[Image above] Example of a transmission electron microscope. Researchers from the United States and Israel used a variety of imaging techniques to reveal the atomistic structure of M7C3-type carbides. Credit: Oak Ridge National Laboratory, Flickr (CC BY 2.0)
In recent years, numerous political and environmental events have accelerated the growing demands placed on materials scientists to answer challenges in agriculture, healthcare, energy production, communications, and transportation, among other fields.

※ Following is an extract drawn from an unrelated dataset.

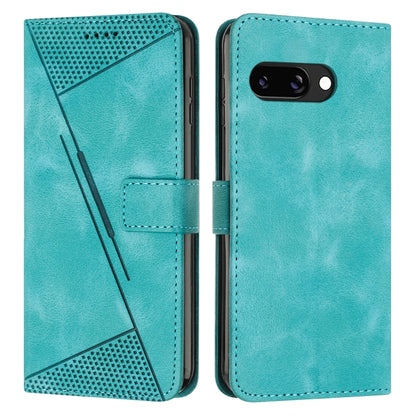 Teal leather flip phone case with perforated triangle texture and side card holder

To keep pace with these demands, experimental methods are increasingly paired with data-driven methods to speed up materials development. These data-driven methods are often fed information about known existing materials systems, and this information allows them to predict other material compositions and structures worth exploring.
Unsurprisingly, these data-driven methods work best for materials systems for which abundant experimental datasets are available for training the algorithm. Otherwise, an algorithm trained on very little data is susceptible to higher test error and lower predictive performance.
Thus, sometimes scientists must run additional experiments before applying data-driven methods to ensure the algorithm provides useful recommendations. Such was the case for researchers from the United States and Israel in a recent study.
The researchers come from New Mexico Institute of Mining and Technology and Technion–Israel Institute of Technology. They used a variety of imaging techniques to reveal the atomistic structure of M7C3-type carbides.
M7C3 carbides (M=Cr, Fe) are extensively used for heat resistance and wear critical applications. However, since the discovery of these carbides in the 1930s, their exact structure has been a source of confusion for scientists.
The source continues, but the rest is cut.